Answering the specific question of the reviewer, 6 patients of the study underwent deep hypothermic circulatory arrest – 4 in the FFP-free and 2 in the FFP-based group. Unfortunately, the information about the open chest management after surgery is not available among the collected data. This is a good point that we will keep into account in the future studies on pediatric patients.

4. What was the c-statistics value for the final model.

Is the reviewer referring to the c-statistics of the logistic regression used for propensity matching? If this is the case, after matching the c-statistics should be unable to predict the allocation group. Actually, the value is 0.64 (95% confidence interval 0.49-0.83), therefore confirming the correct propensity matching analysis. However, the usual standard for confirming the correct propensity matching is the assessment of the absolute standardized mean difference that we have shown in Table 1.

5. Which matching method was used?

As stated in the methodology, we have applied a 1.5:1 based propensity matching, meaning that out of the larger FFP-based group we could extract 27 patients matched with the 18 FFP-free patients. The process of selection followed the usual standard of practice (identification of factors being associated with FFP-based or FFP-free group, assessment of their weight through a logistic regression analysis; calculation of the propensity score and selection of patients with the same or very similar propensity score)

Minor

1. There is a redundant dot at the end of the abstract.

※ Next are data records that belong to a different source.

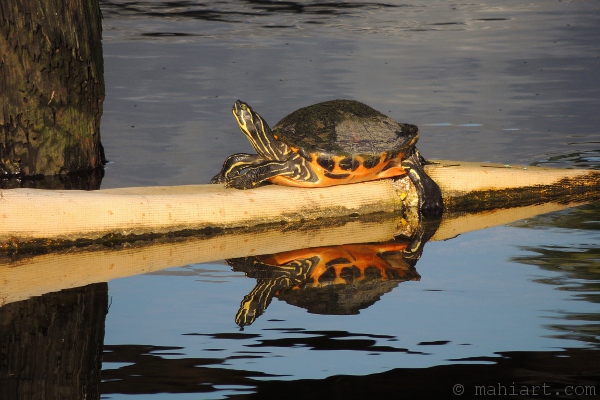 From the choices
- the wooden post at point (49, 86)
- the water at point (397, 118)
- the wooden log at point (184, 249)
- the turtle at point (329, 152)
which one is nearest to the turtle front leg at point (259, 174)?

Redundant dot removed, thank you for the observation.

2. Page 2, line 56: based on…? Line 59 – experimenting with?

Line 56 has been corrected into “based on”, line 59 – rephrased using “employing” instead of “experiencing”, thank you for pointing out.

Reviewer 3 Report

A very good manuscript. Good flow of thoughts supplemented by neat figures. Perhaps can summarise of the important findings of this study in the conclusion section and what further research can be done in this area of study.

Author Response

We would like to thank the reviewer for his analysis of our manuscript. The main findings of the study are summarized in the first paragraph of the Discussion section and then recalled in the last paragraph, commenting on their clinical implications. A sentence at the end of the manuscript, pointing out the need for further research in order to elucidate the optimal interventions for hemostasis management in pediatric patients undergoing cardiac surgery, has now been added.

Reviewer 4 Report

I read the manuscript "Plasma Free-Free For Cardiac Surgery with Cardiopulmonary Bypass In Infant < 10kg " .

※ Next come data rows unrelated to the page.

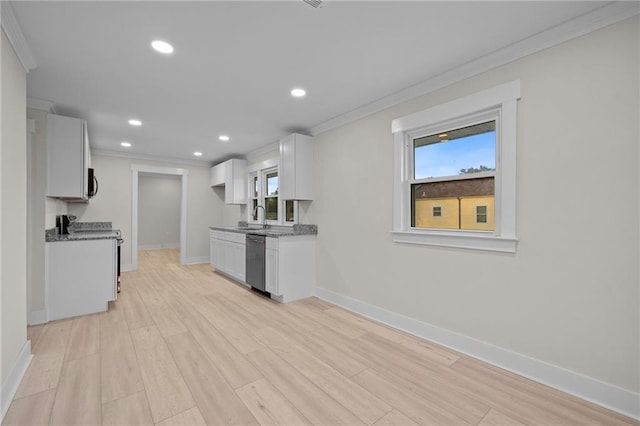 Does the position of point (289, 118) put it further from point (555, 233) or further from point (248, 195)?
point (555, 233)

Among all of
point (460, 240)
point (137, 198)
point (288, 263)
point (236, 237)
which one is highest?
point (137, 198)

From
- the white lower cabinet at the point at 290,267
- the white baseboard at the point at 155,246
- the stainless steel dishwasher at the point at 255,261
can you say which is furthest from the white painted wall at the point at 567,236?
the white baseboard at the point at 155,246

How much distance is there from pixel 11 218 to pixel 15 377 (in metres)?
1.12

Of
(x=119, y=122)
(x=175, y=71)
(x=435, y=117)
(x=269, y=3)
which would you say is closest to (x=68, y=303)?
(x=119, y=122)

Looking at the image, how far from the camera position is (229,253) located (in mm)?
5156

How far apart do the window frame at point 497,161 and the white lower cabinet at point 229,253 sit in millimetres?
2788

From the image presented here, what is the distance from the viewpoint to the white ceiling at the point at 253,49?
178 cm

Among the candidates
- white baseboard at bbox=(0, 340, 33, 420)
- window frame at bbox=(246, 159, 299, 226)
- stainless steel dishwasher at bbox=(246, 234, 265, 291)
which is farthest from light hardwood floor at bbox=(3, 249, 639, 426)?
window frame at bbox=(246, 159, 299, 226)

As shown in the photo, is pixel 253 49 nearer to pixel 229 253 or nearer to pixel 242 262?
pixel 242 262

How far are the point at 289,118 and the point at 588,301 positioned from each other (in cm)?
348

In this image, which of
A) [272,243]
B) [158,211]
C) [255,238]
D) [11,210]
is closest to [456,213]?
[272,243]

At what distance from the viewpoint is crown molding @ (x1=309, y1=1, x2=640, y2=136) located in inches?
68.2

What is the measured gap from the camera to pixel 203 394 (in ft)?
6.15

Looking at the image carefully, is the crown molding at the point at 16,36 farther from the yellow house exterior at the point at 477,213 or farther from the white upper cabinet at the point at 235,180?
the white upper cabinet at the point at 235,180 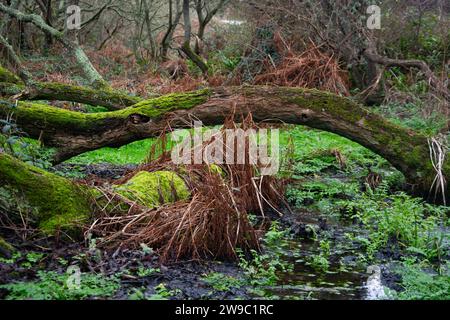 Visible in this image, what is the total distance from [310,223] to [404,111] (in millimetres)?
6103

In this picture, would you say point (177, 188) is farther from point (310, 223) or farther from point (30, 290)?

Since the availability of a viscoelastic test was one of the main inclusion criteria suggest to include this in the methodology of the abstract. The title of the manuscript can probably be improved to reflect the study better

Author Response

We would like to thank the reviewer for pointing this out. The abstract has been modified based on his suggestion. The title has been modified specifying the retrospective nature of the study in order to better reflect the topic of the paper.